Now, 3.5 classes through the STPP program, I am feeling much more confident in my ability to handle the material and to contribute meaningfully to class discussion. I realized that while the class format felt unfamiliar, the analytical and critical thinking skills I had gained through my training in the physical sciences transferred perfectly to public policy. I have learned to assess complex policy problems and to write policy memos with concise and cohesive arguments. All of this is obviously invaluable in pursuing a career in science public policy.
Personal academic growth aside, the STPP program has been one of the best decisions I have made both as a scholar in general and for my professional development. The community is stimulating and supportive. I have been intellectually challenged and encouraged not just by my classes, but also through interactions with my peers, professors, and outside speakers and experts. It has been particularly eye-opening and personally challenging to come to understand that not everyone accepts facts and science in the same way that I do as a scientist. The multidisciplinary nature of the program has been critical in gaining an appreciation for the myriad viewpoints and nuances in science policy. STPP has truly been an invaluable launch pad into a career in science policy, and I believe the connections I have developed through this program will stay with me well past my time at Michigan.

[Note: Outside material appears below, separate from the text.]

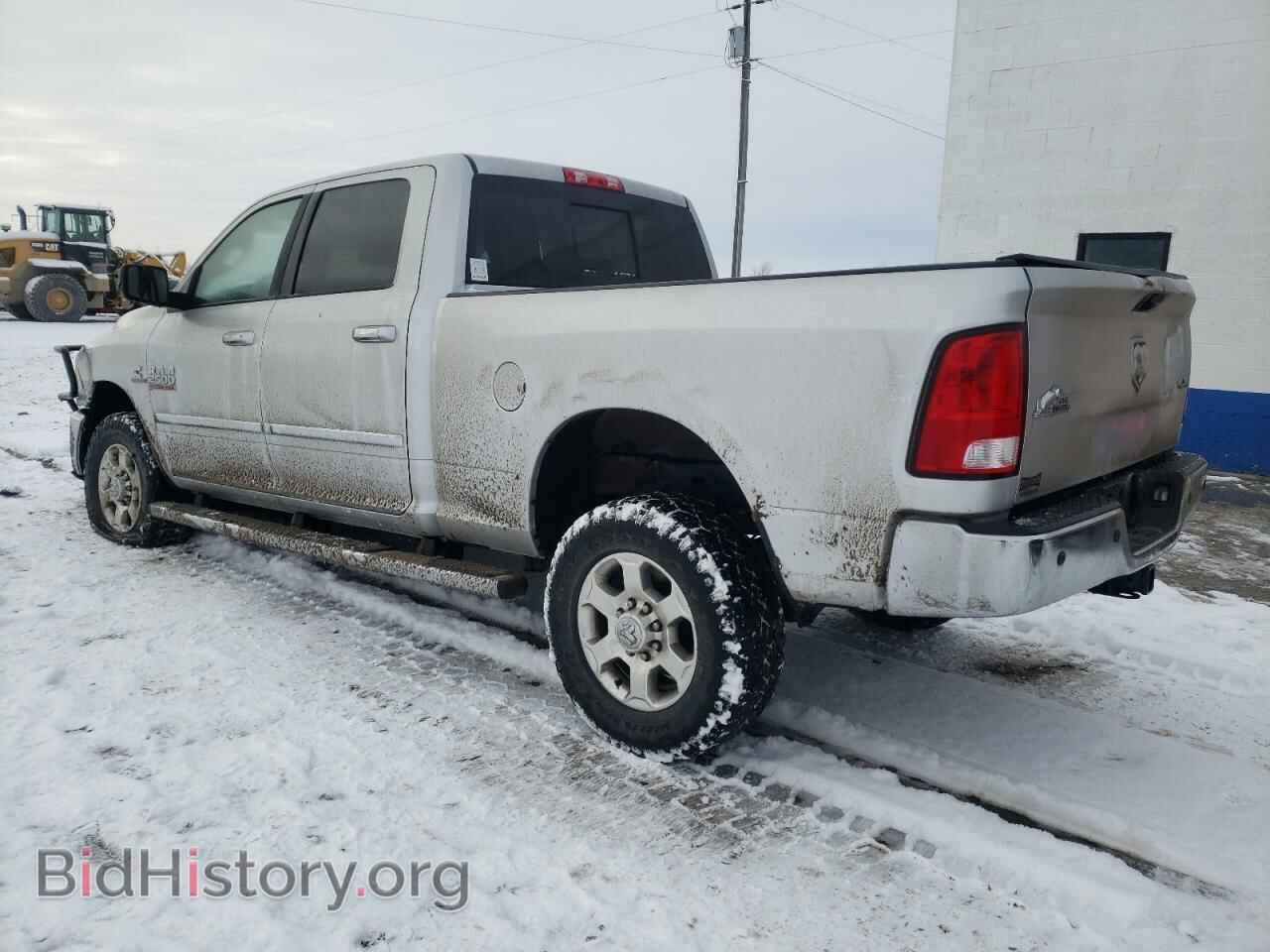 2016 RAM 2500 - VIN: 3C6UR5DL5GG157030 - Фото 2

Elizabeth Dreyer, Electrical Engineering PhD Candidate
As someone who doesn’t know exactly what I want to be when I grow up, I was drawn to the STPP program early in my PhD. Although I am an engineer, I love working with people and communicating science. One of my great passions is doing public outreach about science, specifically optics and photonics. I figured that the STPP program would enable me to better communicate my love of science and technology to everyone, no matter their age. I was correct.
Throughout the STPP program, I have loved learning about the role science and technology plays in our society; how science influences society/public policy and how public policy/society influences science. It has made me a more thoughtful researcher and a more intentional citizen. I often apply what I learn in my STPP classes to how I interact with my elected officials and my academic colleagues, such as the importance of framing an issue.
The thing I have enjoyed the most is working with people from across the university in a collegial environment. After years of lecture-based classes with only engineers, it has been refreshing to spend class time discussing the readings (lots of them!) and exploring policy concepts. Despite having to look up words used by the anthropologists in the room, it is delightful debating.
Although I finished the credit requirements for the STPP program, I enjoy staying involved in the community by attending seminars and social events. I have made many good friends in this program. Now, as I finish my PhD, I plan on pursuing either a Science Policy fellowship or work in industry. No matter the case, the STPP program has made me a better advocate for science!